Standing in the kitchen door at the back of the house is a busy dandelion of a child, a 7-year-old femme fatale named Lissy Newman, who promptly announces: “Mommy’s on the telephone. She’s always on the telephone. May I have a cigarette? Cigarettes are very bad for you. You shouldn’t smoke.” Lissy never stops talking and when you meet her parents you know exactly why. Lissy fakes it with an unlit True cigarette as she leads the way through the kitchen, where a chauffeur sits reading the afternoon paper, into the library, where Joanne motions to a sprawling sofa. She is eating chocolate-chip cookies and drinking iced coffee. The female half of the Newman team, she is the star without an image, the girl with many faces, none of which ever get recognized by clerks in dime stores who riot when her husband walks in. She has glorious white skin, twinkling naughty eyes which always clue you in to the fact that encyclopedias are being written behind them, and her hair is long and golden and soaking wet because she has just come from a ballet class she takes with the UCLA football team. (Ballet is Joanne’s favorite thing in the world—for Christmas, Paul gave her a complete print of the Nureyev-Fonteyn Romeo and Juliet and she will do all the leaps if you will just ask her.)

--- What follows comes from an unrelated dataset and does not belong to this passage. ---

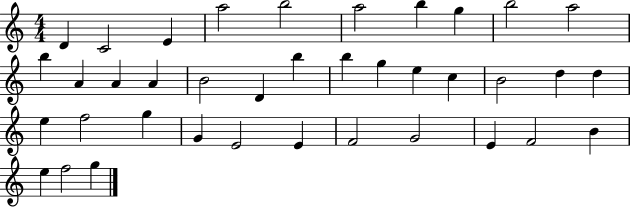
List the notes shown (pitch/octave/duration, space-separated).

Lissy is still faking it with the True and explaining in great detail that her sister, a 9-year-old femme fatale named Nell, has taken Baron, the family sparrow hawk, to the bird doctor, when Paul Newman bursts into the room in tennis shorts and a rumpled white T-shirt with a sheaf of papers in his hands and a defeated look on his face. “I’m writing a speech for Eugene McCarthy and it has to be ready in three hours. You don’t want to write a speech for me, do you?”

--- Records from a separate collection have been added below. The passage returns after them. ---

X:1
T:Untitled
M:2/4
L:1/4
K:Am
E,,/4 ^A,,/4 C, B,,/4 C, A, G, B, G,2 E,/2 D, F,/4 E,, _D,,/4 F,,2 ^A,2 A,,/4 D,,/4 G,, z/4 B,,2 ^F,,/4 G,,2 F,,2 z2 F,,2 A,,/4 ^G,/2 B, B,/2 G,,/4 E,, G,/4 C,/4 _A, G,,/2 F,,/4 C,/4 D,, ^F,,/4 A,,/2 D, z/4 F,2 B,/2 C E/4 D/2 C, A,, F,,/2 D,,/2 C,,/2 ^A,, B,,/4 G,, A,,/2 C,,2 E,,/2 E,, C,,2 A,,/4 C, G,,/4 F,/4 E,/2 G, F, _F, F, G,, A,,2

There they are, America’s jet-age Doug and Mary, nibbling on cookies in a swank rose-carpeted, paneled library that has nothing to do with the way they live. Jack Armstrong and Scarlett O’Hara in basketball shoes. “Out!” says Scarlett, with a delicate Southern accent that is more pure-bred moonshine and magnolia blossom than hominy grits, to Lissy, who is now standing on her head in the middle of the room. “I have to be interviewed and how can we get anything done if you are talking all the time?” “I won’t talk; I’ll just stand on my head.” “Go help Daddy write his McCarthy speech.” Paul scoops up Lissy, still upside down, and carries her out to the pool where her violence won’t be so loud, and although by now it is no longer clear what anyone has come to talk about, it seems like the interview is on. More or less.

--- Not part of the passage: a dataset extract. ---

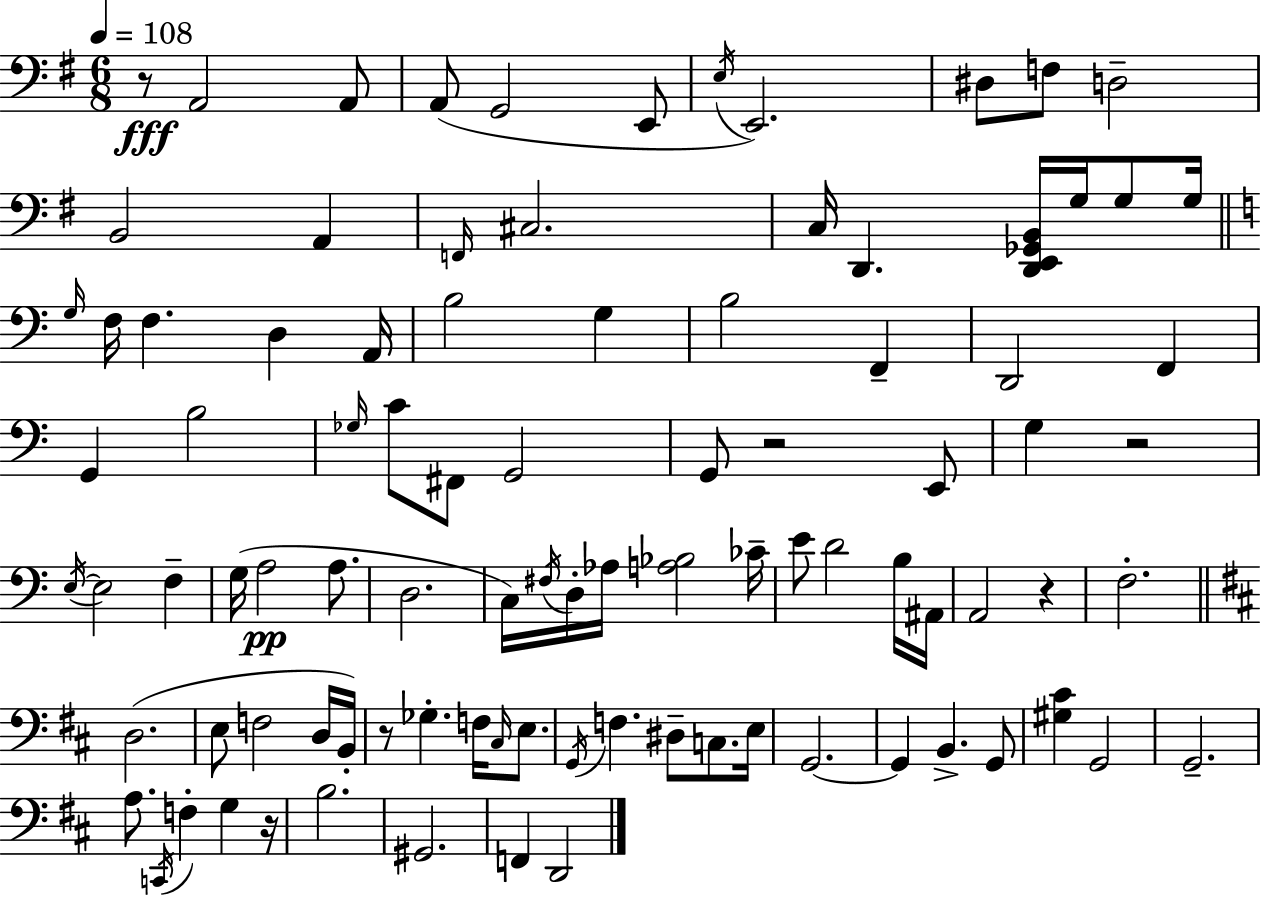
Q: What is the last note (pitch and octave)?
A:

Joanne doesn’t really do interviews. Even though she’s the only member of the Newman family who has won an Oscar, she has always been content to take a back seat to the fame and glamour, preferring to emerge in the roles she plays instead of phony interviews. But like most Southern girls, she’s never at a loss for words and in her case the words always sound fascinating. (She has an IQ of 135, higher than 90 percent of the doctors at Bellevue.) And on this summer day, with the California sun licking at the windows like tongues on an Eskimo Pie, she has something worth talking about—a film she’s proud of, called Rachel, Rachel, in which her performance as a 35-year-old spinster living with her mother above the Japonica Funeral Chapel is so remarkable it could be the beginning of a whole new career. “Paul gets all the wonderful parts, but I always seem to be the after-thought, like the backstop who stands behind the pitcher. You know, even a bad movie takes two or three months out of your life, so I finally decided that if I am going to take that much time out of a life I enjoy, it better be something I bloody well care about. For a script like that, I have to find it myself. Good things are seldom offered to me. When I started, I just wanted to act. That’s all I cared about. I did some good things, like Three Faces of Eve, but I also did some things I didn’t care about. Now the older I get the more I realize that life is like cotton candy. Take one bite and it’s gone. Life is too short to worry about the tiny dissatisfactions. They’re a pain in the ass. I hate wasting time. Like the tourists driving around on Sunday afternoons looking at movie-star houses. They could get killed tomorrow and what do they have to show for it? They spent their last day on earth looking at Paul Newman’s house. I refuse to fiddle away my life in dribs and drabs. One thing I say to the kids—‘Tell me anything, get mad, yell at me, but never say you’re bored.’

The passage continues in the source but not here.